Categories: Bargaining Unit, Bargaining Updates 2014

While the parties have agreed on many issues there are a number of issues still in dispute. On some of these issues the parties are likely to engage in further discussion that might lead to resolution, others will have to be decided by an Arbitrator. Please note that any items agreed to at the bargaining table will not be implemented until the interest arbitration is complete. This is the twenty-fifth in a series of blog posts to discuss both the matters that have been agreed and those that are still in dispute, as well as the arbitration process in general.

While some issues, like obtaining a reasonable general wage increase, are constants in bargaining, others evolve over time in response to changes in management practice or in the composition of the bargaining unit. For example, the kinds of workload complaints we hear now include issues that were largely absent in 2006.

One of the things that has changed over the past 9 years, and has changed the focus of our bargaining proposals, is the composition of the bargaining unit. Two trends stand out. First, there has been an increase in the relative size of the Educational Leadership and Lecturer groups. Second, there has been an increase in the number of members over the age of 71 (in 2006 members were forced to retire at age 65). Tables 1 and 2 provide headcounts by group for April 2006 and April 2015 for April 2006 and April 2015. The tables also provide the FTE count for Sessionals, as many of them do not have full-time appointments. These data were provided by UBC and are not completely accurate, but accurate enough for our purposes.

Table 1: Headcount (except where noted) by Group, April 2006

  EdLeader Lect Libr Prof ProgDir Sess Total Sess(FTE)
F 71 67 55 656 6 335 1190 161.3
M 62 38 26 1512 8 297 1943 127.7
Sum 133 105 81 2168 14 632 3133 289.0

 

Table 2: Headcount (except where noted) by Group, April 2015

  EdLeader Lect Libr Prof ProgDir Sess Total Sess(FTE)
F 139 142 56 777 6 290 1410 130.2
M 105 92 25 1569 7 258 2056 108.0
Sum 244 234 81 2346 13 548 3466 238.2

 

As Tables 1 and 2 indicate, the bargaining unit, in headcount terms, was a little over 6% larger in April 2015 than it was in April 2006. The largest group in each year was the Professoriate (“Prof”), although in percentage terms it declined from 69.2% to 67.7% of the bargaining unit. The two groups that showed the largest increase in percentage terms are the Educational Leadership group (“EdLeader”—Instructors, Senior Instructors and Professors of Teaching) and the Lecturer group, with increases of 159% and 123%, respectively. In absolute terms those two groups contributed 65% of the growth in the non-sessional faculty complement.

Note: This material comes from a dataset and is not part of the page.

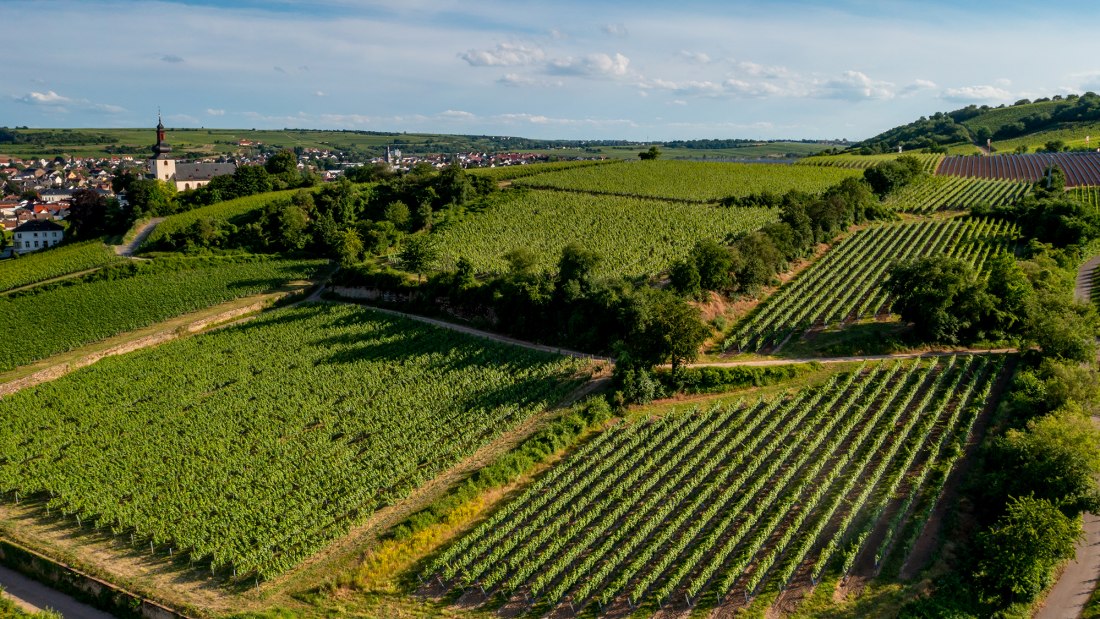 Niersteiner Zehnmorgen Niersteiner Zehnmorgen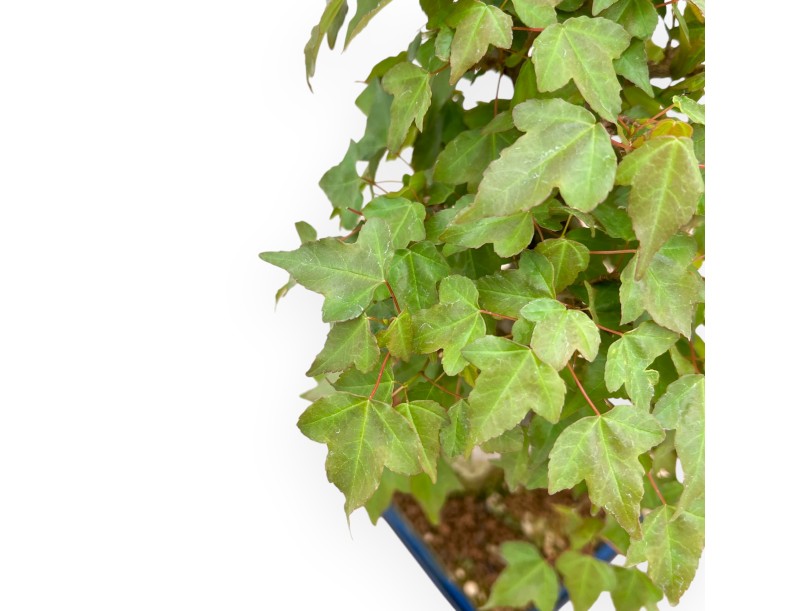 Acer Buergerianum - Maple - 40 cm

Sessional Lecturers (“Sess”) declined both in headcount and FTE numbers. It is important to note that some Sessional Lecturers work only in the Fall term, or only in the Summer, so the total number of different Sessional Lecturers who are members of our bargaining unit at some point during the year is considerably larger than the number captured in a single month “snapshot”. Some, probably most, of the decrease in Sessional Lecturers is explained as members moved from the Sessional Lecturer to the Lecturer classification. Both classifications, of course, are contract academic staff, with no access to tenure. Lecturers do not even have a right of reappointment.

The sex ratios within each group remained fairly constant. The current sex ratios, by group, are illustrated in Figure 1. The lengths of the sides of the rectangular fields in Figure 1 are proportional to the number of members with that attribute so that the areas of the rectangular fields that constitute a pair of attributes (women, sessional) are proportional to the number of observations in the data that have this combination of attributes.

Figure 1: Mosaic Plot of Sex and Group, 2015

 

Figure 1: Mosaic Plot of Sex and Group, 2015

In terms of the age distribution, the median age of members rose from 48.8 to 51.3 as a result of the elimination of mandatory retirement. However the number of members over the age of 71 is quite small. Although 7.5% of members were over the age of 65 in April 2015 only 1.5% were over the age of 71. The age distribution of members, in 2006 and 2015 is illustrated in Figure 2. The median age is indicated by the “notch” and the interquartile range by the length of the “boxes.” The ends of the “whiskers” represent the maximum and minimum ages.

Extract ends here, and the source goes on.